By Brianna Wiest

Learn to like what doesn’t cost much. Those are the things worth your time. You can buy your way into things and places, but you can’t actually buy the experience of them. It’s not what you do, it’s what you perceive. A meaningful life isn’t how often you can saturate your senses, but how you grow to think of even the simplest, most unassuming daily things. 

Learn to like reading, whatever it is you like to read. Learn to like talking and people, even when they’re not the same as you. Learn that truths can coexist. That’s the one thing that will set you free in this world.

Learn to like simple foods and cooking them. Learn to like fields, trees, camping, walking, fires, watching the day break and end. Learn to like writing and burning candles on rainy summer early evenings. Learn to like clean linens and washing dishes and hot baths and drinking water and long meandering drives.

Learn to keep your needs simple and your wants small.

Learn to breathe deeply. To taste food when you eat it, to sleep deeply when you sleep. When you laugh, let it carry on until you’re sweating and out of breath. When you get angry, get really angry, just let things burn through you. The less you push these things away, the less they come out in inappropriate and debilitating ways. It’s not anger or the sadness that controls you, it’s the resistance of it that keeps them tucked in their place in your soul.

Learn to let negative thoughts drift back to where they came from – nowhere.

Do the things that are effortless. Let them be effortless. Find love that’s effortless. You’ll be instructed to believe that success comes from grueling, soul-bending hard work, but that’s more something we impose on ourselves because letting effortless things also be successful ones makes them feel unmerited. That’s how we create problems where there are none.

Decide to keep nothing but what is meaningful and purposeful. When you cycle and circle around your space, touching, seeing and using only things that evoke a feeling of security, purpose, meaning, joy… your everyday life becomes grounded in happiness. When there’s not enough to make a mess, no more than you can clean and wash and handle, everything feels settled.

Complexity is often the easiest choice. It’s easy to let ourselves get wound up and bound down to the ways we let our thoughts and fears run narratives into story-lines into realities we live out.

Simplicity is difficult because it requires clean thinking. It’s the long, hard way to a cleansed perception (that is: not shadowed by conditioning, or negative thoughts.) But it’s yours, and yours always. You can keep all of one hundred belongings for the rest of your life, and every one of them will be used, broken, replaced, taken, thrown out, rendered obsolete. But your perception of how meaningful and useful those temporary things were, how much you appreciated and enjoyed them, that’s yours. And that is what choosing a life rooted in simplicity does: makes the ordinary miraculous.

People like to make big claims of what will bring you happiness. And happiness, in some form, is what we’re all seeking, even if we don’t place that word on it. Stability, love, money. Happy psychology, the phenomenon of the last 25+ years, has come about really for the fact that we pioneered a country for the sake of unbridled, radical happiness: religious liberation, freedom, democracy.
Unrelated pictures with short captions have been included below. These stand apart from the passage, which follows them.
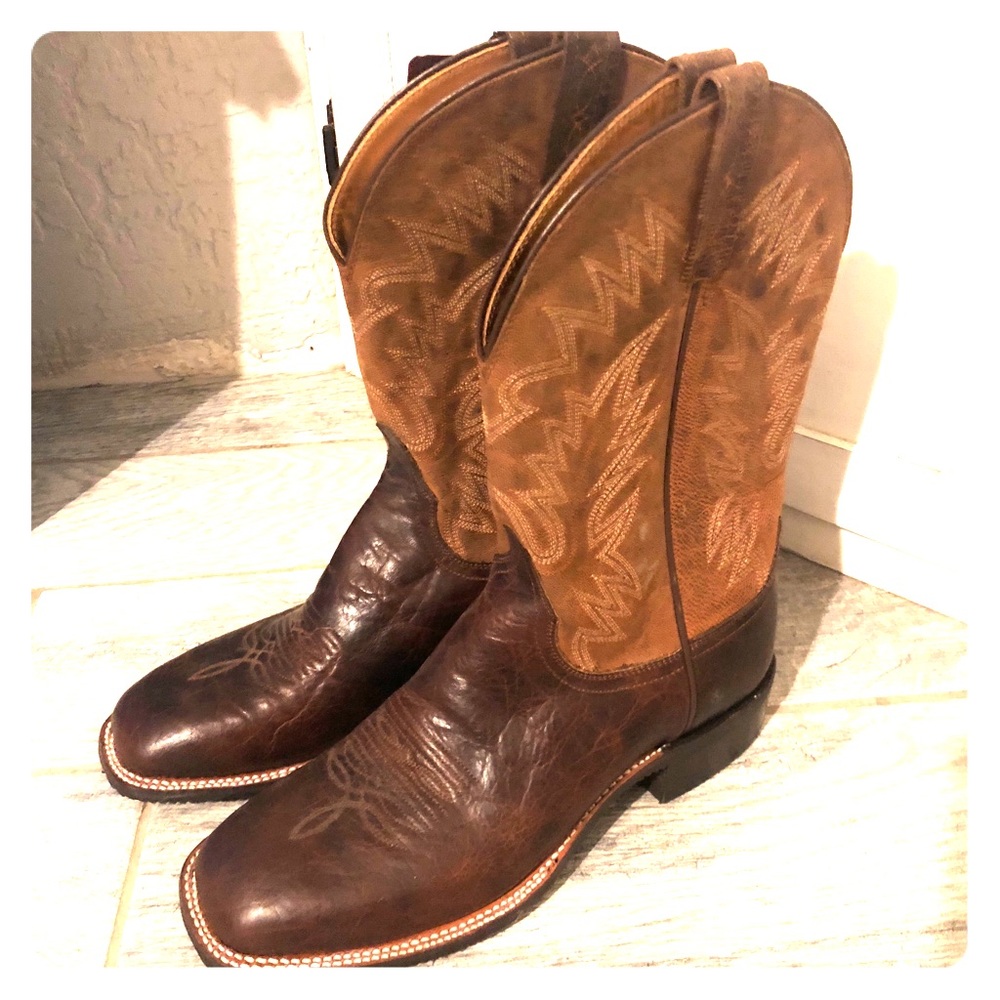 Men’s Lucchese boots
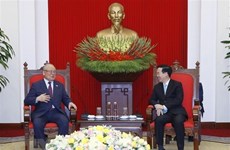 Le permanent du Secrétariat du PCV affirme le rôle du Japon dans la politique extérieure du Vietnam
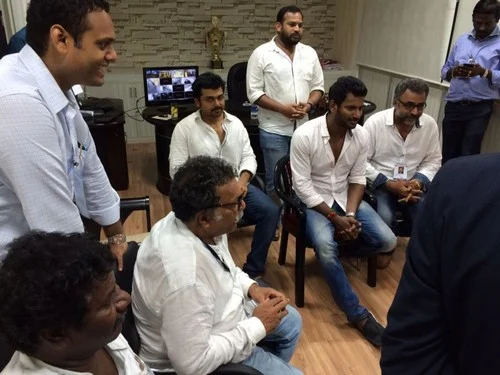 நடிகர்சங்கம் படம் தயாரிக்கிறது?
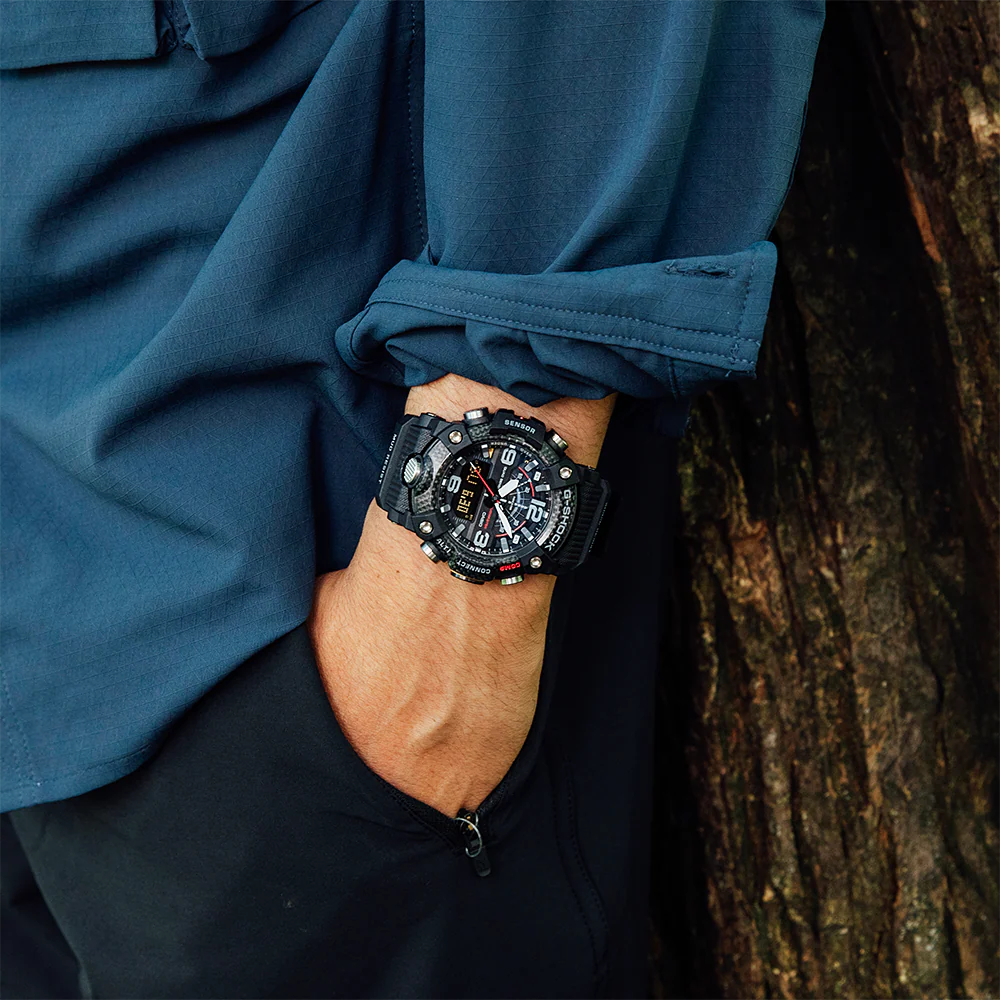 G-Shock Mudmaster GGB100-1A Smartphone Link Connectivity - Image 12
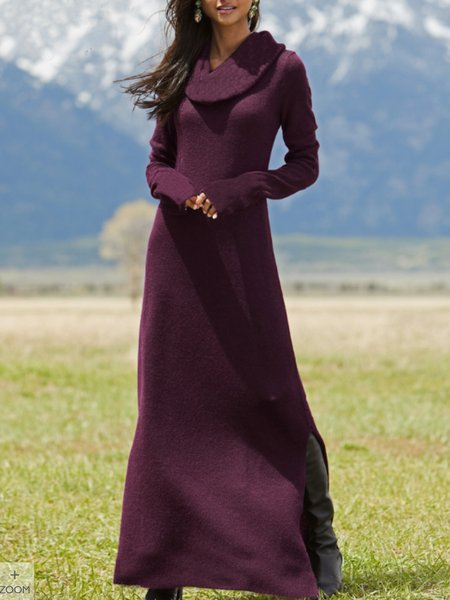 

Bohemian Abito, Viola, Maxi Dresses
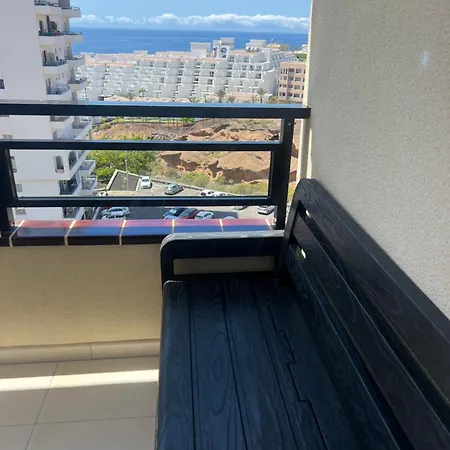 Cozy Ocean View 1 Bdr Apt, Club Paraiso Daire Playa Paraiso (Tenerife)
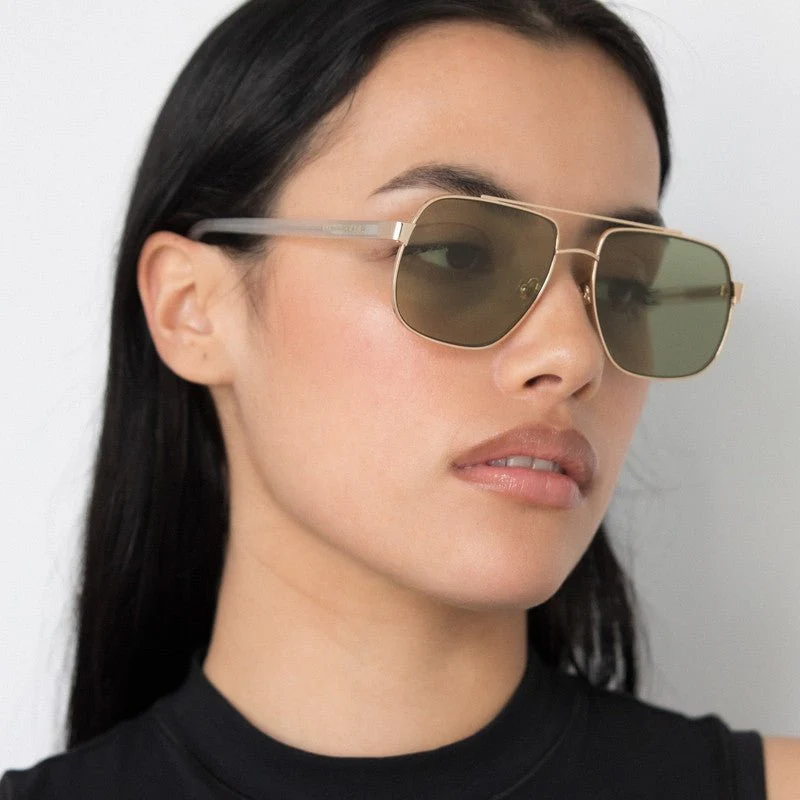 Amelia / Gold Jelly & Green Lens - Image 6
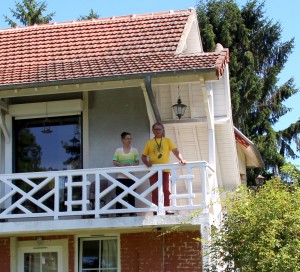 Bertrand et Danièle souhaitent redonner l’esprit Bonnard à cette maison transformée par les anciens propriétaires.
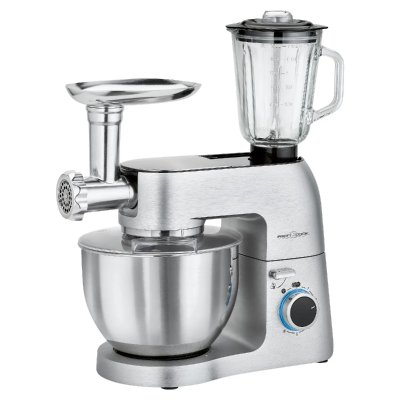 PROFICOOK Robot p&eacute;trin Multifonctions 3en1 6,5L 1500W  PC-KM1189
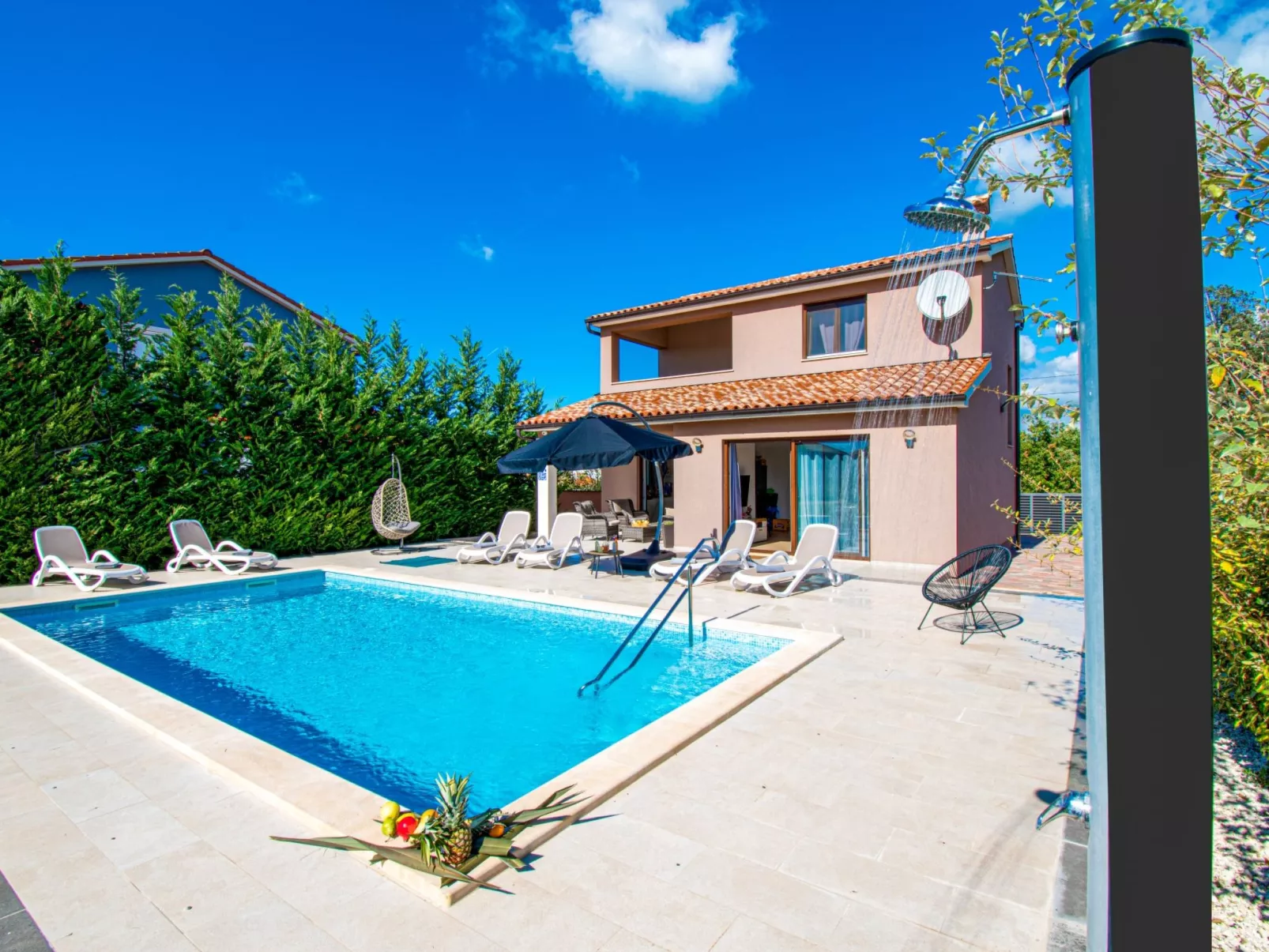 Villa Moki mit beheizbarem  Pool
Yet, these things, these houses that hold us and companies we run, these relationships we fail at because we’re constantly expecting them to be more –the desire to max out pleasure – has not made us happier.

Because we have not changed how we think – and that’s the only real change that ever happens, because it’s the basis of how we feel. The magnitude of one’s life is directly parallel to how deep their perception of it is. Your life grows as you do. What you experience is a reflection of what you are.

Do not forget that you do not have forever to do this, to change this.

It’s easy to let another day, week, month, year slip by, letting yourself keep seeking the light in people and money and more and more and more. It’s easier to spend that time seeking the light in yourself because you think that’s the right thing to do. You don’t find the light – the ability to perceive – because you already are it. The work is getting rid of everything that stands in the way.